> [WHAT THE TASK ASKS]
Among the lines of the records, find all that carry the word "password" and copy them.

> [SOURCE DATA]
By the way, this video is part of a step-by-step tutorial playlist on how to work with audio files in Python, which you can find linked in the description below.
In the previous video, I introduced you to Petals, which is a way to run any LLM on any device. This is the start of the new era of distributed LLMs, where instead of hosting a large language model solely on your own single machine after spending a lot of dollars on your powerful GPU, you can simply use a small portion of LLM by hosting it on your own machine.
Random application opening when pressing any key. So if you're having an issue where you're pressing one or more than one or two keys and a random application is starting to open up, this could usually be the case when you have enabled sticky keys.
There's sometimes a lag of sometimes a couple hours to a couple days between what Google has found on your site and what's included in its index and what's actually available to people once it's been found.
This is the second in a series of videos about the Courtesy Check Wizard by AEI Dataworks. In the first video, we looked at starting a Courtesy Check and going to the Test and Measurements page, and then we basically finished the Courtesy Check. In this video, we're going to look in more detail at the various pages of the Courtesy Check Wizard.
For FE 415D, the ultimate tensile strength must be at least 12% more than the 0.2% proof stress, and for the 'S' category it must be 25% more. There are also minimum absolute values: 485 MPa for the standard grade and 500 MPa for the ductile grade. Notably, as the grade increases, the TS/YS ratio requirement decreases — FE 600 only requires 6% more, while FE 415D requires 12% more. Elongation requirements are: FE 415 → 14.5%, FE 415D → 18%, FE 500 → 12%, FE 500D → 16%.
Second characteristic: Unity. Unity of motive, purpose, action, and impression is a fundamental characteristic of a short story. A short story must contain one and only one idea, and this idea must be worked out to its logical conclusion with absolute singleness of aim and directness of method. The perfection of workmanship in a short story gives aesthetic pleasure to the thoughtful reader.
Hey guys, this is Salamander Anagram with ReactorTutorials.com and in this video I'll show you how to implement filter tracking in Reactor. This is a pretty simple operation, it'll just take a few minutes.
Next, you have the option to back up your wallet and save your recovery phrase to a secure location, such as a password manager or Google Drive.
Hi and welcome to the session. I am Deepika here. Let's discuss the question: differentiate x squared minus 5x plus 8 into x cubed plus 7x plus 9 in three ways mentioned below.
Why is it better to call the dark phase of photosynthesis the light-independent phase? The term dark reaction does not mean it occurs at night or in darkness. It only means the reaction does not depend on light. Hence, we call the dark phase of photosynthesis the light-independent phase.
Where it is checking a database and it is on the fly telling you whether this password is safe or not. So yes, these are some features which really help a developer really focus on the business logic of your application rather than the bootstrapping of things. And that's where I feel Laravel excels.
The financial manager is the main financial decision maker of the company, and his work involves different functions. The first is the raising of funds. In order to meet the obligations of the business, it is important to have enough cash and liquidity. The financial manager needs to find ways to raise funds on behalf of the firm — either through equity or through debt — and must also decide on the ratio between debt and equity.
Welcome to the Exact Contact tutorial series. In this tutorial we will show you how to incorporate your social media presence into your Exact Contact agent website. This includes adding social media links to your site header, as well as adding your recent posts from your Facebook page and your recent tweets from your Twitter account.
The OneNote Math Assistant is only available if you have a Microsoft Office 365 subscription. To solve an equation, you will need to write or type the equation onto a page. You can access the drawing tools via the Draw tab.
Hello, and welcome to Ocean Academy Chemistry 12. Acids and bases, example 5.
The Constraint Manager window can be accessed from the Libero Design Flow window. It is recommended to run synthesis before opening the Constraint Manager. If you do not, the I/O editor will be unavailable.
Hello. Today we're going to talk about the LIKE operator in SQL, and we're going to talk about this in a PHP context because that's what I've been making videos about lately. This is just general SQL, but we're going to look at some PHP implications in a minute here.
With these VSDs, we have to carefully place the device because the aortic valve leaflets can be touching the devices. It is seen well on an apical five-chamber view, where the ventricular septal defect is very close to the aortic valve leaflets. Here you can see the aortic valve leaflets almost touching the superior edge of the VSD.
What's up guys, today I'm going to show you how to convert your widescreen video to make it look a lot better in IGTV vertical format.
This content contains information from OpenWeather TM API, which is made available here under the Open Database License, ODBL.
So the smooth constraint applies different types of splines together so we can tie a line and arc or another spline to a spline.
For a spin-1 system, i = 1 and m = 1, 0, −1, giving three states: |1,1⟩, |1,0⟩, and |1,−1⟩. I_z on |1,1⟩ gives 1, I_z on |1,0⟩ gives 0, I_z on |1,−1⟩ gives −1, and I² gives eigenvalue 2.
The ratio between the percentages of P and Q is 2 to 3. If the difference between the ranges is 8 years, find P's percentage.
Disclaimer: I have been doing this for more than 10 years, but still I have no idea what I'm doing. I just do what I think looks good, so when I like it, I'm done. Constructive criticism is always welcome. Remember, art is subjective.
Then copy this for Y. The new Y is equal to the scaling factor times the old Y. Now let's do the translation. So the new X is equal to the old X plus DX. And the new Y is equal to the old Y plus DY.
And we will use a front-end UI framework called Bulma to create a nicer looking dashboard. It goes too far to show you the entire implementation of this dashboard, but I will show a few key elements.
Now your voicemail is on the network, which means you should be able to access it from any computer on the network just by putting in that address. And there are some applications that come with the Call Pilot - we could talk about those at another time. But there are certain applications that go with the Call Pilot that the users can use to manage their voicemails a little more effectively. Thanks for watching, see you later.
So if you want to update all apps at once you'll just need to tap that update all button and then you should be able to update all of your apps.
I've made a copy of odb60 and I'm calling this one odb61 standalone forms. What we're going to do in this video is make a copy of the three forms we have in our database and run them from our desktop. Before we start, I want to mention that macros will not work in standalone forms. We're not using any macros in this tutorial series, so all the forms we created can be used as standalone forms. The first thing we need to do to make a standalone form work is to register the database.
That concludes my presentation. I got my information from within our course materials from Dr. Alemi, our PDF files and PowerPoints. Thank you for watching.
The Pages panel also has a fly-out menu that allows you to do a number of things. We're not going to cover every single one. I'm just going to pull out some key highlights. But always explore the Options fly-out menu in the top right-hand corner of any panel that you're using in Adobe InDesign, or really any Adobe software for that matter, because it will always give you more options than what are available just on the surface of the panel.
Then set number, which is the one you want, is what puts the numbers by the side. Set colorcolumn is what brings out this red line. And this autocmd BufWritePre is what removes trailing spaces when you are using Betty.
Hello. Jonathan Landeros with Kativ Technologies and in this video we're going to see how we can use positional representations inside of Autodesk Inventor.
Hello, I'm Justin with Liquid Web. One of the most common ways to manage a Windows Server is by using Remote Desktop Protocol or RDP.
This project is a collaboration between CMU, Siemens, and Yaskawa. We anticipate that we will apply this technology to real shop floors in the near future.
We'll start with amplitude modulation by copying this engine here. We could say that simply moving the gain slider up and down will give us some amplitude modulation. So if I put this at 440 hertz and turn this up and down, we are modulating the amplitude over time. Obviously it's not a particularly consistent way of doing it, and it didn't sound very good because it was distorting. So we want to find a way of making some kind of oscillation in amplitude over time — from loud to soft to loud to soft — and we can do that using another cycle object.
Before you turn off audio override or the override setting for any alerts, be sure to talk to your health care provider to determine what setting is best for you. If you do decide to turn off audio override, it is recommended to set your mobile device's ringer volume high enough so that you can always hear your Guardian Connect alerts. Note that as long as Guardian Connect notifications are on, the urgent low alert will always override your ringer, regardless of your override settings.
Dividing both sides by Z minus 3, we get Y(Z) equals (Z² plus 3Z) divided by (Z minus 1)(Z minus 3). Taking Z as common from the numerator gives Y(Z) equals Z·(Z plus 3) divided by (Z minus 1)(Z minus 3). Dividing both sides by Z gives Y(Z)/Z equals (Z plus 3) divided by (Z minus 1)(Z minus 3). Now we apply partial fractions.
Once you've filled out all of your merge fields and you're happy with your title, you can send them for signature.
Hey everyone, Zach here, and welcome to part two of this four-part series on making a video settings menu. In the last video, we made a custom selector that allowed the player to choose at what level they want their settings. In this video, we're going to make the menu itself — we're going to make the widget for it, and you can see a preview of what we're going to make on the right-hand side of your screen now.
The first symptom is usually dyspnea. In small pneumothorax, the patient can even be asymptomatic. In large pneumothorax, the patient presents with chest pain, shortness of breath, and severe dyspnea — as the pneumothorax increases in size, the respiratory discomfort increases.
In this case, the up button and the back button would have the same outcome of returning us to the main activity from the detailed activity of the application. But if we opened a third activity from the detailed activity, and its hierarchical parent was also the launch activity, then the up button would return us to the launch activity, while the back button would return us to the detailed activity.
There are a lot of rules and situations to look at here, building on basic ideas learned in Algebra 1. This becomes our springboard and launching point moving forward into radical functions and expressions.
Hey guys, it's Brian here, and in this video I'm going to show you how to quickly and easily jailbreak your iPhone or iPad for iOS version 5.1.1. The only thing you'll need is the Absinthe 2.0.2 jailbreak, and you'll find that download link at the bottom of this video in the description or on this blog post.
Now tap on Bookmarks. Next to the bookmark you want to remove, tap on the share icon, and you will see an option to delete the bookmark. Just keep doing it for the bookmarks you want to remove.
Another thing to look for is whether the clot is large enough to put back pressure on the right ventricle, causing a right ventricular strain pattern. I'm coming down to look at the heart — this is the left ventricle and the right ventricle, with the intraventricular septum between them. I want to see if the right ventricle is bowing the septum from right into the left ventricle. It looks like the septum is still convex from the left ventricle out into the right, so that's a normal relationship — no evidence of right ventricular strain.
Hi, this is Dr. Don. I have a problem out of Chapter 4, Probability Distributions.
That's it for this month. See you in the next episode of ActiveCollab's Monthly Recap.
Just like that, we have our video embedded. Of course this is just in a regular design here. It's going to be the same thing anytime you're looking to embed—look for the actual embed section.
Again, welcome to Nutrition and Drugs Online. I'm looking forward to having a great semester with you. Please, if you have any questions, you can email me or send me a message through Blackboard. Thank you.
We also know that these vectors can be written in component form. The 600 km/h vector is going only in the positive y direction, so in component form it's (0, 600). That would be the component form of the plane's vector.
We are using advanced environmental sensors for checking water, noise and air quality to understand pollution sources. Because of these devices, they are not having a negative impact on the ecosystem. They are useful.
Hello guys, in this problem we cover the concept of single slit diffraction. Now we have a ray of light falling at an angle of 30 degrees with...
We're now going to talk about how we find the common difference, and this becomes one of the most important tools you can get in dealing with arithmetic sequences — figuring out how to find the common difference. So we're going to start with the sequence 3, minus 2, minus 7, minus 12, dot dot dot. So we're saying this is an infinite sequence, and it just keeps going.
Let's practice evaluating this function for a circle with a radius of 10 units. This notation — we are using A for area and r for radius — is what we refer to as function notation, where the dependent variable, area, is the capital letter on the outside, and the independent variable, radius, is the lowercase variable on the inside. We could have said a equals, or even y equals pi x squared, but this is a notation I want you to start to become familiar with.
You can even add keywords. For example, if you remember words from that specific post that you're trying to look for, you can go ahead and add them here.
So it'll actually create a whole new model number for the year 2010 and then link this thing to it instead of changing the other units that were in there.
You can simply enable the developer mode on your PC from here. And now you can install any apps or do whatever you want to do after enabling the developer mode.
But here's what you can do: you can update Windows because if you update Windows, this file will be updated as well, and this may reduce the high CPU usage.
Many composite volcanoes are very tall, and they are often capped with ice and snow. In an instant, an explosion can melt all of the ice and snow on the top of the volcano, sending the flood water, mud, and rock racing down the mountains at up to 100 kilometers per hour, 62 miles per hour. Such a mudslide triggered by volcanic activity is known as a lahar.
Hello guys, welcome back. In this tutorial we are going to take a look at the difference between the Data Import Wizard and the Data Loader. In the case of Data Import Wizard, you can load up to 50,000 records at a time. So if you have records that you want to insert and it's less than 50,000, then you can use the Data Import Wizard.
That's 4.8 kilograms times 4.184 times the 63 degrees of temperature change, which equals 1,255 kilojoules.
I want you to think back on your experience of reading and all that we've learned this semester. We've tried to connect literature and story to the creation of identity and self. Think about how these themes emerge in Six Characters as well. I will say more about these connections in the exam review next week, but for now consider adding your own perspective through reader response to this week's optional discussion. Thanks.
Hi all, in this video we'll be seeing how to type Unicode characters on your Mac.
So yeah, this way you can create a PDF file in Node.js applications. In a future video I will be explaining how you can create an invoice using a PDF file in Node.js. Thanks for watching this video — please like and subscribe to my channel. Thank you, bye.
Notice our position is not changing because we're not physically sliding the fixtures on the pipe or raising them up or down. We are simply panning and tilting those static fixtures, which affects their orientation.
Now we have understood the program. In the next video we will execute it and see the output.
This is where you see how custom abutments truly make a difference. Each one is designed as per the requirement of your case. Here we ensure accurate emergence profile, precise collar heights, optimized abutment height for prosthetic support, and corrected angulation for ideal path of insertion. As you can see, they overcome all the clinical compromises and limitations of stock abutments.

> [RESPONSE]
Next, you have the option to back up your wallet and save your recovery phrase to a secure location, such as a password manager or Google Drive.
Where it is checking a database and it is on the fly telling you whether this password is safe or not. So yes, these are some features which really help a developer really focus on the business logic of your application rather than the bootstrapping of things. And that's where I feel Laravel excels.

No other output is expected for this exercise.